Washington:There is “no bigger thug” than US President Donald Trump, says an American activist, arguing that racist movements have gathered momentum and extremist groups have been emboldened in the country since the businessman-turned-politician came to office.
Graylan Hagler, a justice advocate from Washington DC, made the remarks during a debate withPress TV’s.While commenting on decades of racial discrimination in the US and the recent ruthless killing of an African American in Minneapolis, Minnesota.
Fresh protests erupted across the United States on Thursday night as anger over the death of George Floyd, an unarmed African American, intensified, with some demonstrators gaining access to a police precinct in Minneapolis — the epicenter of the protest — and setting sections of the building on fire.
The 46-year-old Floyd died on Monday after a white Minneapolis police officer used his knee to pin Floyd’s neck to the ground for several minutes as Floyd repeatedly pleaded that he couldn’t breathe. He was soon declared dead at a hospital and the incident sparked widespread protests and prompted calls for criminal charges against the officers.

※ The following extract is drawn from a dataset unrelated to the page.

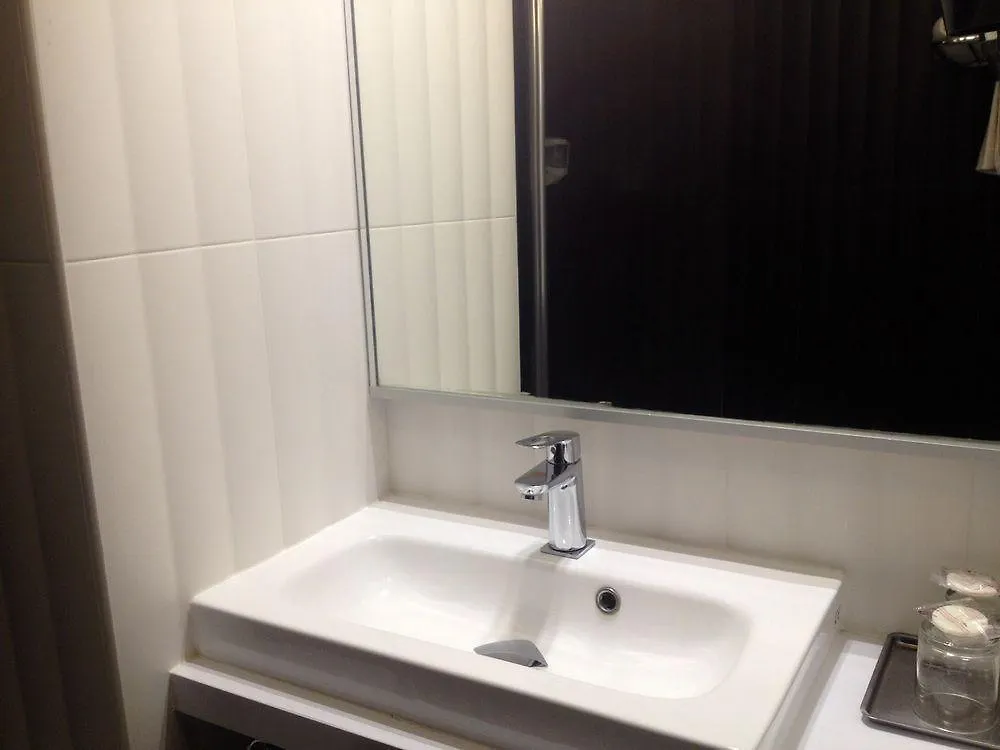 Hotel Opera Maintenon Paris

Trump has called the protesters thugs and threatened that they could be shot.
“This kind of racism and white supremacy context that exists continue to boil over and create death and destruction and clearly people are sick and tired of it and are fighting back,” Graylan Hagler added.
Asked whether US police brutality was becoming systemic especially among minorities, Hagler said, “It’s been part of the founding of this country. Who we have in the White House right now has been the cheer leader of white racist extremist organizations; that’s why they are feeling so emboldened from law enforcement down to militaristic terrorist white groups that exists in the United States.”
“The country was not founded on benevolence; the country was founded on greed and exploitation that basically allowed colonial settlers out of Europe to come into the US and on the back of the free black labor were able to make billions and billions of dollars,” he underlined.
Rallies have turned violent in Los Angeles and Minneapolis, where the police have fired tear gas and rubber bullets against the demonstrators.